* PROMPT
Please give back the listing below word for word and drop any images.

* MATERIAL FOR THIS TASK
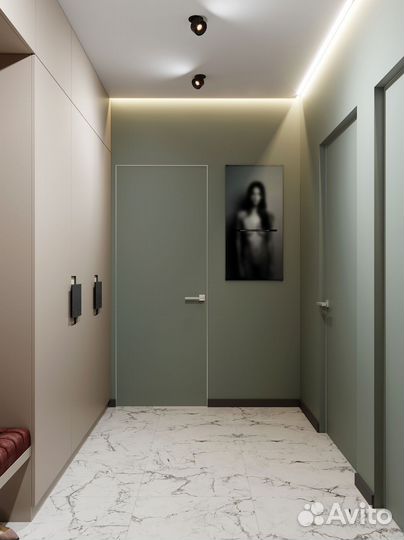 Скрытая дверь под покраску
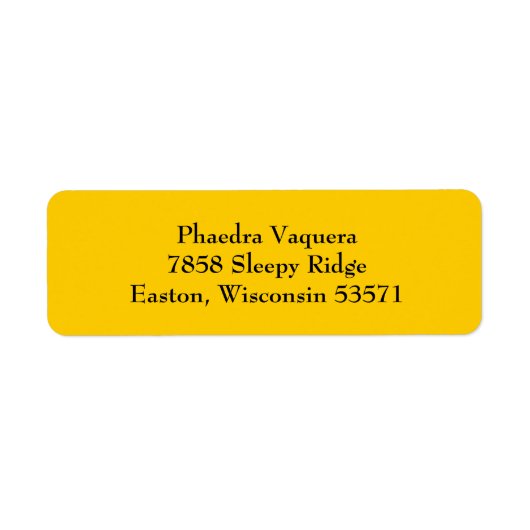 アンバーイエローシンプル差出人住所ラベル ラベル (正面)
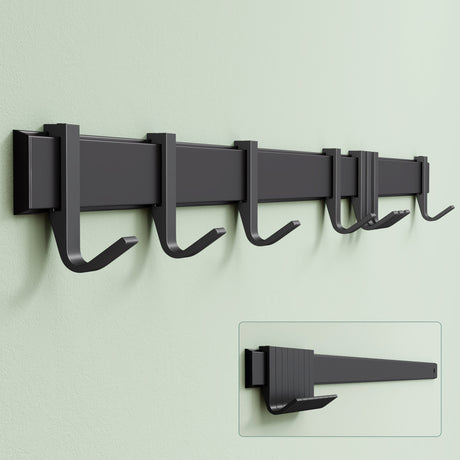 glasvilla Appendiabiti da Parete con Ganci Scorrevoli, Attaccapanni da Muro in Alluminio Appendiabiti per Cameretta, Ingresso, Cucina, Stalo-12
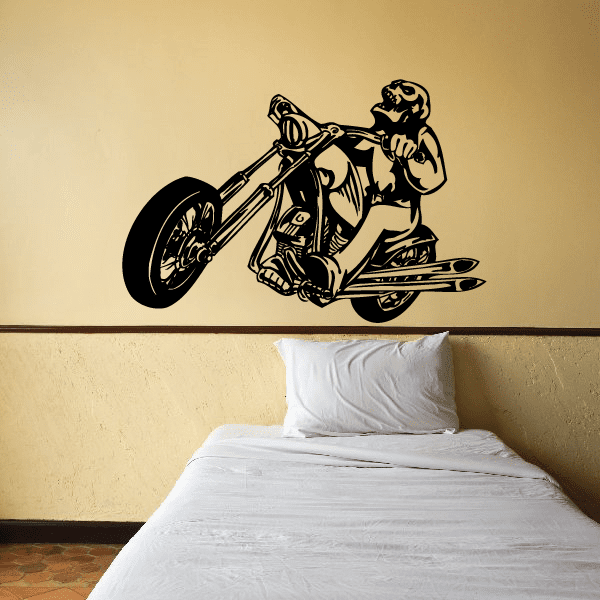 Motorcycle chopper wall decal, black vinyl line art of rider on chopper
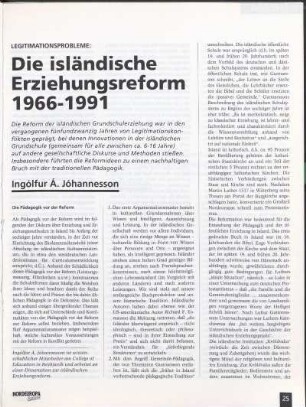 Legitimationsprobleme: Die isländische Erziehungsreform 1966-1991
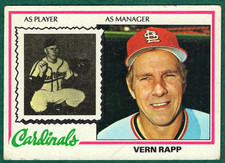 Vern Rapp - 1978 Topps #324 - Cardinals As Player/As Manager Baseball Card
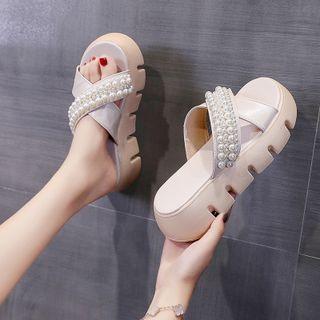 Faux Pearl Crisscross Platform Flat Slide Sandals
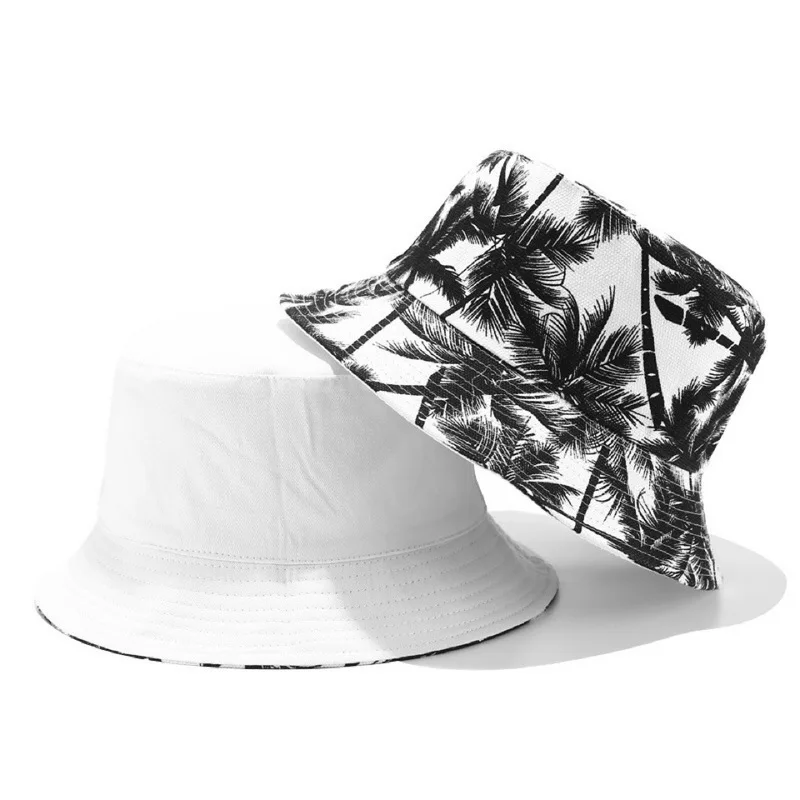 Gorras de pescador con estampado de árbol de coco negro de doble cara Reversible Unisex, sombreros de cubo para hombres y mujeres, visera de viaje al aire libre, sombrero para senderismo - imagen 4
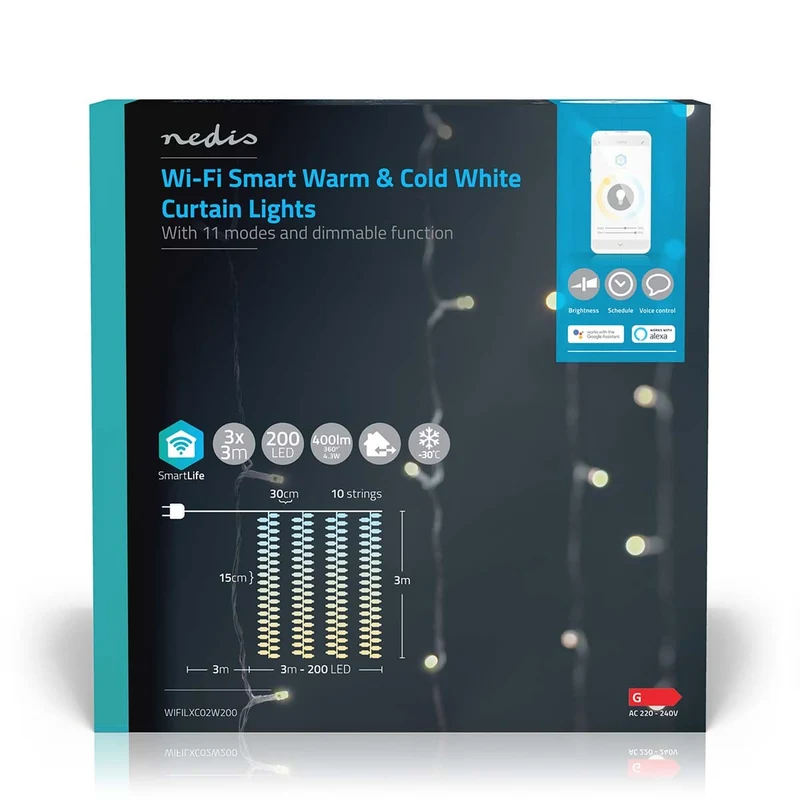 SmartLife-kerstverlichting Gordijn - Wi-Fi - Warm tot Koel Wit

* WRITTEN RESPONSE
 Скрытая дверь под покраску
 アンバーイエローシンプル差出人住所ラベル ラベル (正面)
 glasvilla Appendiabiti da Parete con Ganci Scorrevoli, Attaccapanni da Muro in Alluminio Appendiabiti per Cameretta, Ingresso, Cucina, Stalo-12
 Motorcycle chopper wall decal, black vinyl line art of rider on chopper
 Legitimationsprobleme: Die isländische Erziehungsreform 1966-1991
 Vern Rapp - 1978 Topps #324 - Cardinals As Player/As Manager Baseball Card
 Faux Pearl Crisscross Platform Flat Slide Sandals
 Gorras de pescador con estampado de árbol de coco negro de doble cara Reversible Unisex, sombreros de cubo para hombres y mujeres, visera de viaje al aire libre, sombrero para senderismo - imagen 4
 SmartLife-kerstverlichting Gordijn - Wi-Fi - Warm tot Koel Wit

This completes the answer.